WORK REQUIRED:
The answer is to be the data that follows, transcribed exactly, minus its pictures.

((

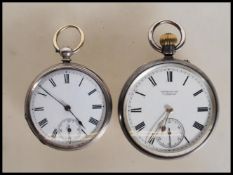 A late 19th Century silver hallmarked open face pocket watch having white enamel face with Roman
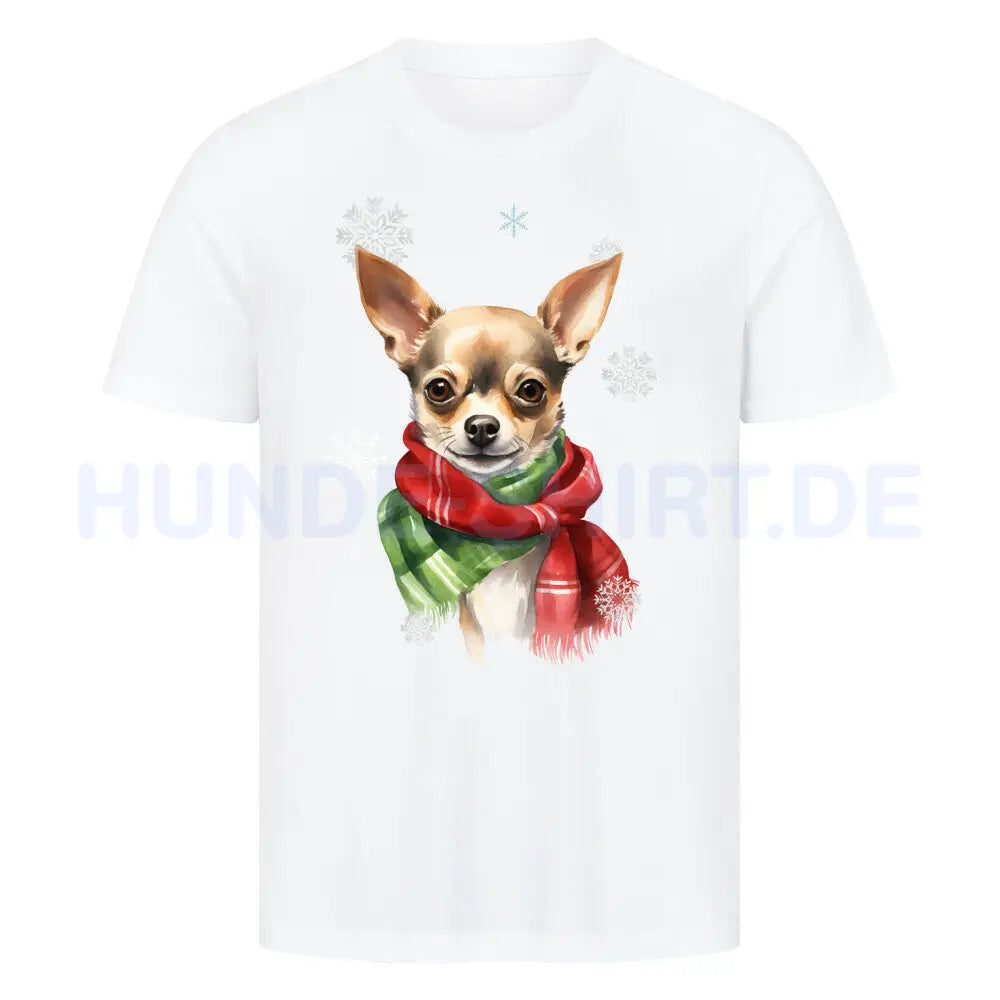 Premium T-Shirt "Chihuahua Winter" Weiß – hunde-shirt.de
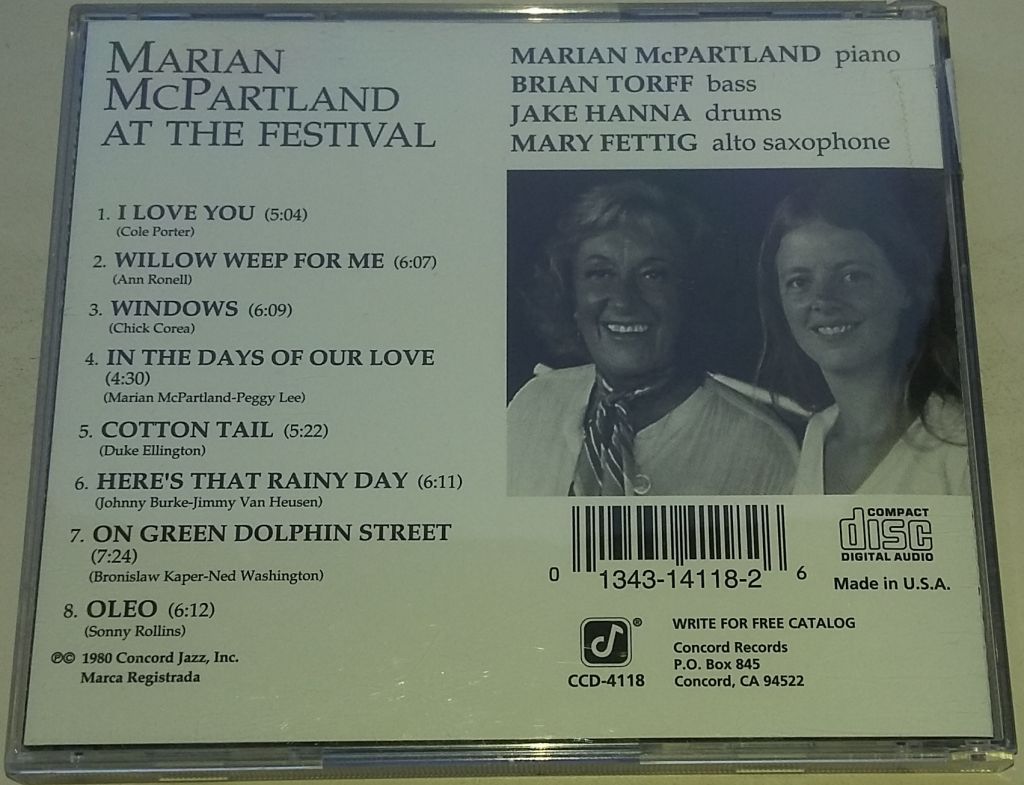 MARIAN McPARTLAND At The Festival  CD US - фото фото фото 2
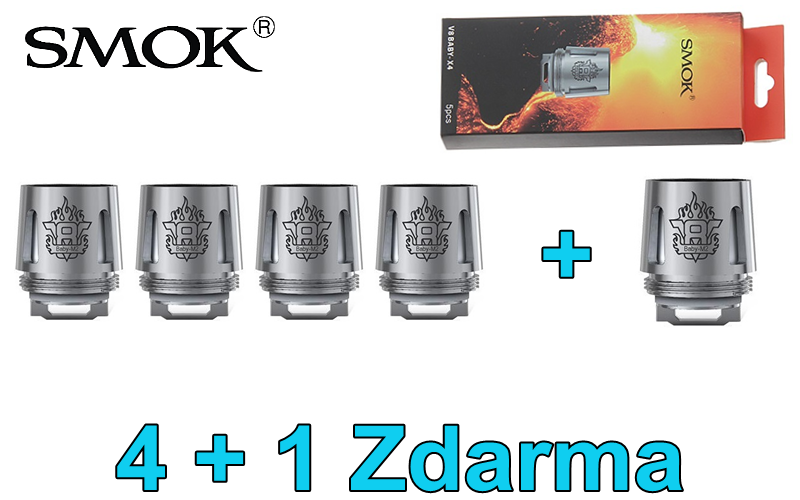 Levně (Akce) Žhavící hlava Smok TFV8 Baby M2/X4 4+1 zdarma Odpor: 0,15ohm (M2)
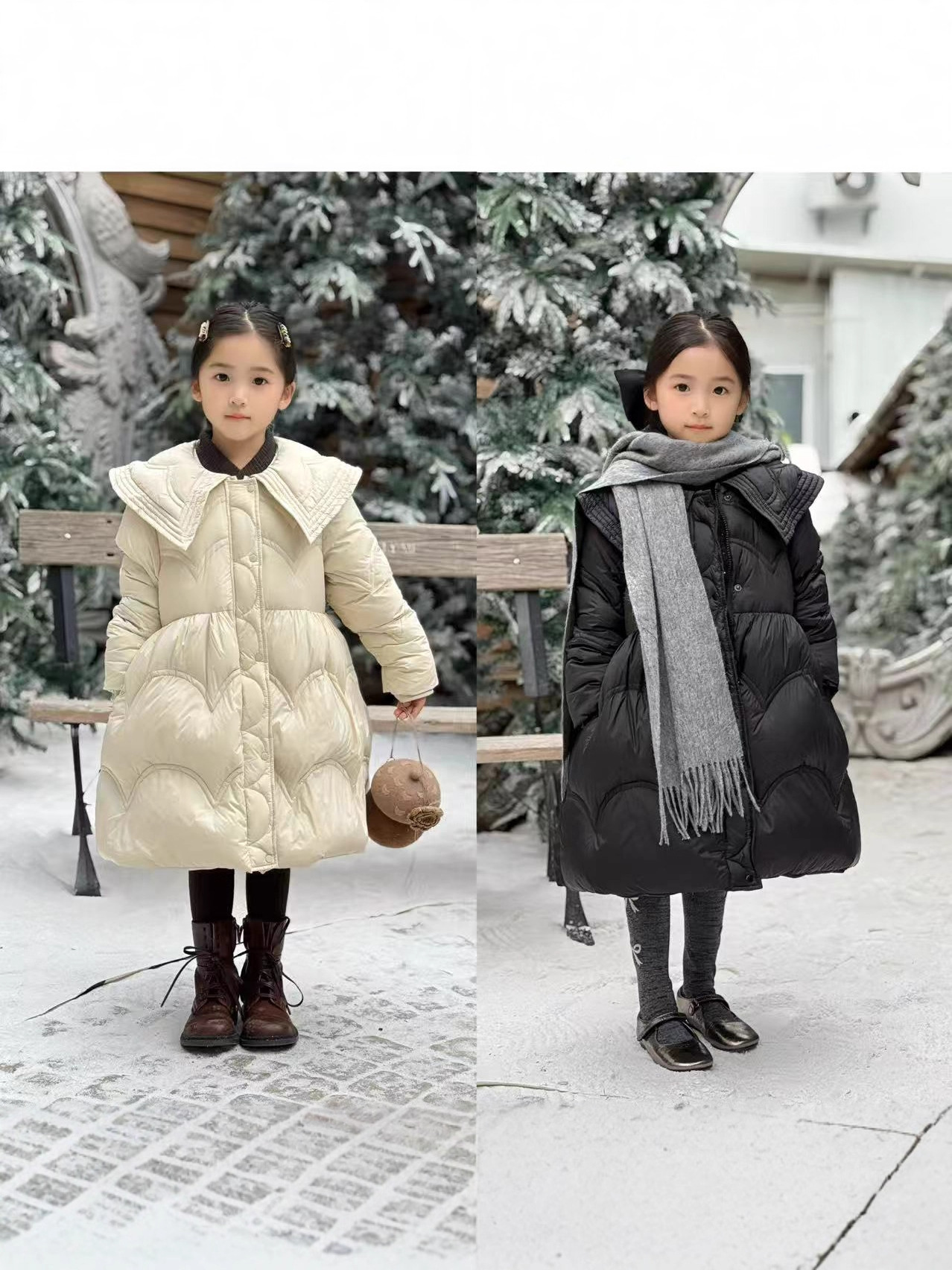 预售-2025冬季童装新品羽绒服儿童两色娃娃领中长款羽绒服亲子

))

SOLUTION:
 A late 19th Century silver hallmarked open face pocket watch having white enamel face with Roman
 Premium T-Shirt "Chihuahua Winter" Weiß – hunde-shirt.de
 MARIAN McPARTLAND At The Festival  CD US - фото фото фото 2
 Levně (Akce) Žhavící hlava Smok TFV8 Baby M2/X4 4+1 zdarma Odpor: 0,15ohm (M2)
 预售-2025冬季童装新品羽绒服儿童两色娃娃领中长款羽绒服亲子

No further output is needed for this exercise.